**Exercise data**
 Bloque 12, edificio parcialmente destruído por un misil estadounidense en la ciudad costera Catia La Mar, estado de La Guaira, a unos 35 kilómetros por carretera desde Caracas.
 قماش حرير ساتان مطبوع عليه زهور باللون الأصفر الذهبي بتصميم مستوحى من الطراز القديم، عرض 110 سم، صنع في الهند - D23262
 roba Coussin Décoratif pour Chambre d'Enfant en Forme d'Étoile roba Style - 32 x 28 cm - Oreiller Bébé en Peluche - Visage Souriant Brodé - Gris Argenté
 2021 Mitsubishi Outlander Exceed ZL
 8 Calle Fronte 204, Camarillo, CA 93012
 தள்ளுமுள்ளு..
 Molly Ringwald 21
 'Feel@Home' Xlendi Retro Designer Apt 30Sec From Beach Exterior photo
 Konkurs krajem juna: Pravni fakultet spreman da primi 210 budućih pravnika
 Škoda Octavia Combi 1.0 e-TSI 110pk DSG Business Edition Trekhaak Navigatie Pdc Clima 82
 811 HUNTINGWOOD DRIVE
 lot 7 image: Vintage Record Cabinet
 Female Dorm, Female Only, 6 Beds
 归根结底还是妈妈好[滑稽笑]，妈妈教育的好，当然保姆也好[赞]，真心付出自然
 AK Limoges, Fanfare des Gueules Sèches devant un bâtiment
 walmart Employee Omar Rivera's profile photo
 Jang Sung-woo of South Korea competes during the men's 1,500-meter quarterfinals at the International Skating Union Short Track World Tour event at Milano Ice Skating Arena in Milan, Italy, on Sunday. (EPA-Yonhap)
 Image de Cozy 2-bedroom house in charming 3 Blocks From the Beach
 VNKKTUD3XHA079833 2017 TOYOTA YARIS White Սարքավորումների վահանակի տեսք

**Problem**
All entries must be printed exactly, with nothing omitted.

**Response to this task**
 Bloque 12, edificio parcialmente destruído por un misil estadounidense en la ciudad costera Catia La Mar, estado de La Guaira, a unos 35 kilómetros por carretera desde Caracas.
 قماش حرير ساتان مطبوع عليه زهور باللون الأصفر الذهبي بتصميم مستوحى من الطراز القديم، عرض 110 سم، صنع في الهند - D23262
 roba Coussin Décoratif pour Chambre d'Enfant en Forme d'Étoile roba Style - 32 x 28 cm - Oreiller Bébé en Peluche - Visage Souriant Brodé - Gris Argenté
 2021 Mitsubishi Outlander Exceed ZL
 8 Calle Fronte 204, Camarillo, CA 93012
 தள்ளுமுள்ளு..
 Molly Ringwald 21
 'Feel@Home' Xlendi Retro Designer Apt 30Sec From Beach Exterior photo
 Konkurs krajem juna: Pravni fakultet spreman da primi 210 budućih pravnika
 Škoda Octavia Combi 1.0 e-TSI 110pk DSG Business Edition Trekhaak Navigatie Pdc Clima 82
 811 HUNTINGWOOD DRIVE
 lot 7 image: Vintage Record Cabinet
 Female Dorm, Female Only, 6 Beds
 归根结底还是妈妈好[滑稽笑]，妈妈教育的好，当然保姆也好[赞]，真心付出自然
 AK Limoges, Fanfare des Gueules Sèches devant un bâtiment
 walmart Employee Omar Rivera's profile photo
 Jang Sung-woo of South Korea competes during the men's 1,500-meter quarterfinals at the International Skating Union Short Track World Tour event at Milano Ice Skating Arena in Milan, Italy, on Sunday. (EPA-Yonhap)
 Image de Cozy 2-bedroom house in charming 3 Blocks From the Beach
 VNKKTUD3XHA079833 2017 TOYOTA YARIS White Սարքավորումների վահանակի տեսք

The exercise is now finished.